There are several ways to melt chocolate.
In the Amish Recipes: Chocolate-Covered Candy candy book is a description about how the Amish do it.
For recipe inventing and testing, I generally use equipment that the traditional Amish lifestyle has no access to — the microwave. It is a faster procedure and little cleanup afterward.
Getting Experience With Chocolate
Try it yourself. It's wonderful for getting experience with chocolate. If you become impatient and burn the chocolate, it's an experience you can carry with you when you decide to try another method.
Using the microwave to practice making chocolate clusters and chocolate-covered candy.
Let's get started.
The Procedure
Put a cup of chocolate chips or chocolate pieces into a microwavable bowl. The bowl should be large enough to hold and stir the chocolate and dip the candy centers when the chocolate is melted.

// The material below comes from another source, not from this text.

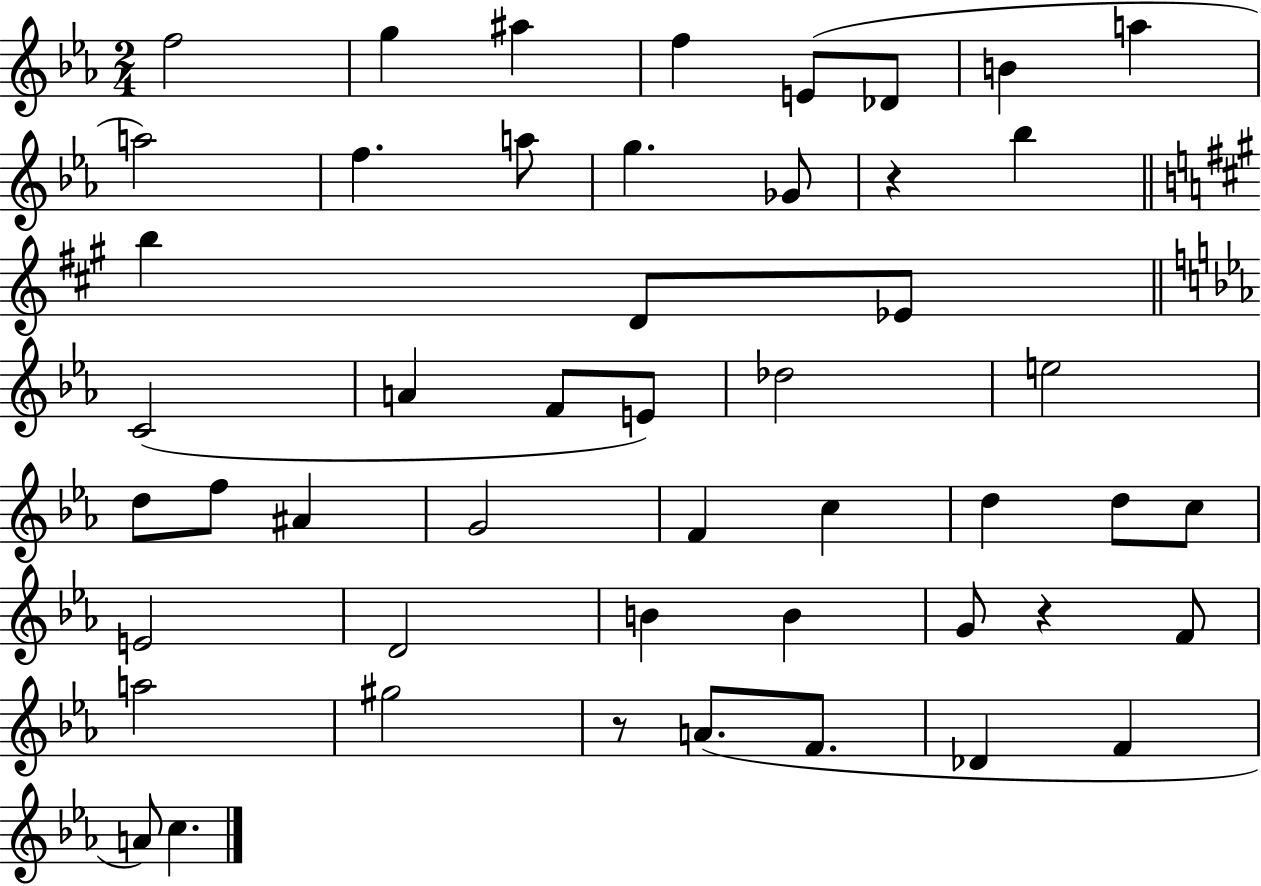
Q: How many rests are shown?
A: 3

Microwave once for 20 seconds.
Stir to move the chocolate around.
Microwave once for 15 seconds and stir.
From this point on, microwave and stir in 10-second increments. The stirring moves the chocolate around to spread the heat and discourage hot spots.

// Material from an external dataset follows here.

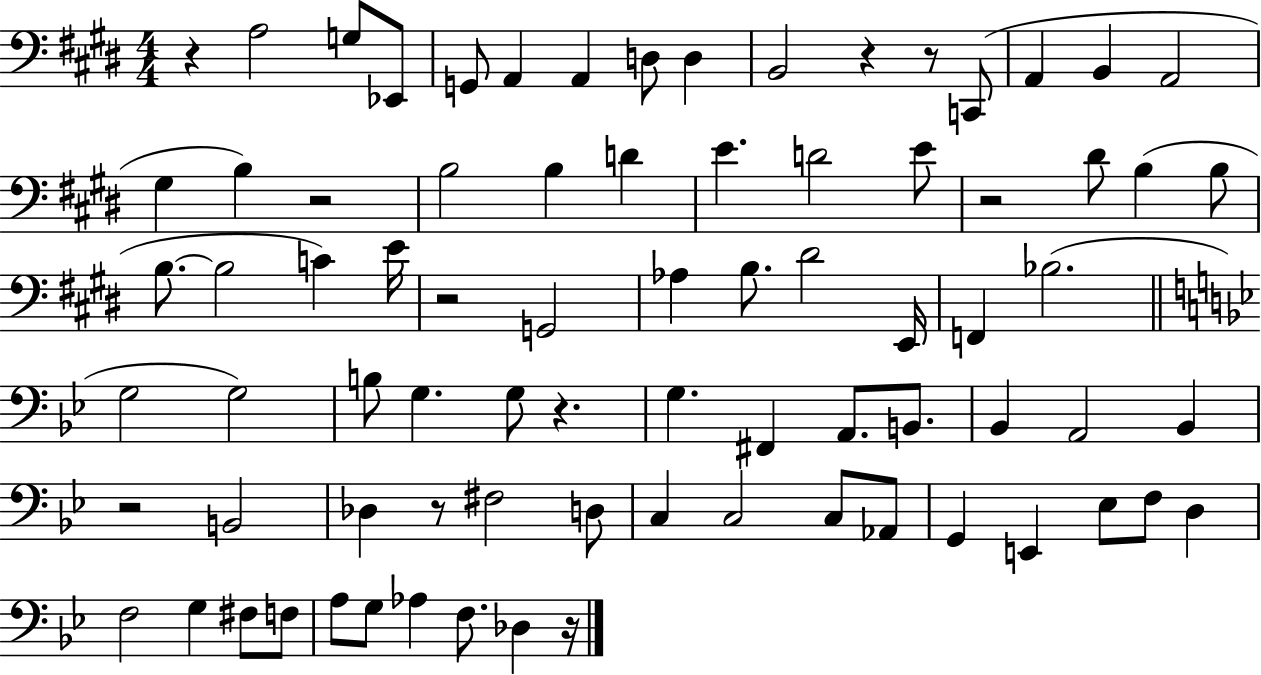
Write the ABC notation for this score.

It's easy to consider microwaving for longer periods. But don't actually do it. The quality of the chocolate is likely to suffer. Chocolate can burn so it won't coat nicely nor dry as it otherwise would.

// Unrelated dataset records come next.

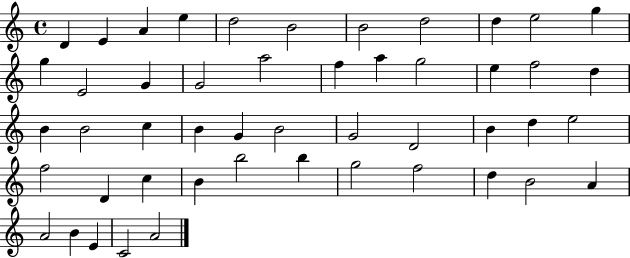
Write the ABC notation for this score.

X:1
T:Untitled
M:4/4
L:1/4
K:C
D E A e d2 B2 B2 d2 d e2 g g E2 G G2 a2 f a g2 e f2 d B B2 c B G B2 G2 D2 B d e2 f2 D c B b2 b g2 f2 d B2 A A2 B E C2 A2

After seven or more 10-second microwave-and-stir increments, the chocolate should be melted enough to dip.
How Far to Melt It
I like it just soft enough to dip. The chocolate coating is heavy, then, like my mom used to make. A more liquid chocolate would result in a thinner coating.
Chocolate Cooling?
If the dipping takes enough time that the chocolate begins to cool and becomes too thick for dipping, microwave and stir another 10‑second increment, perhaps several times.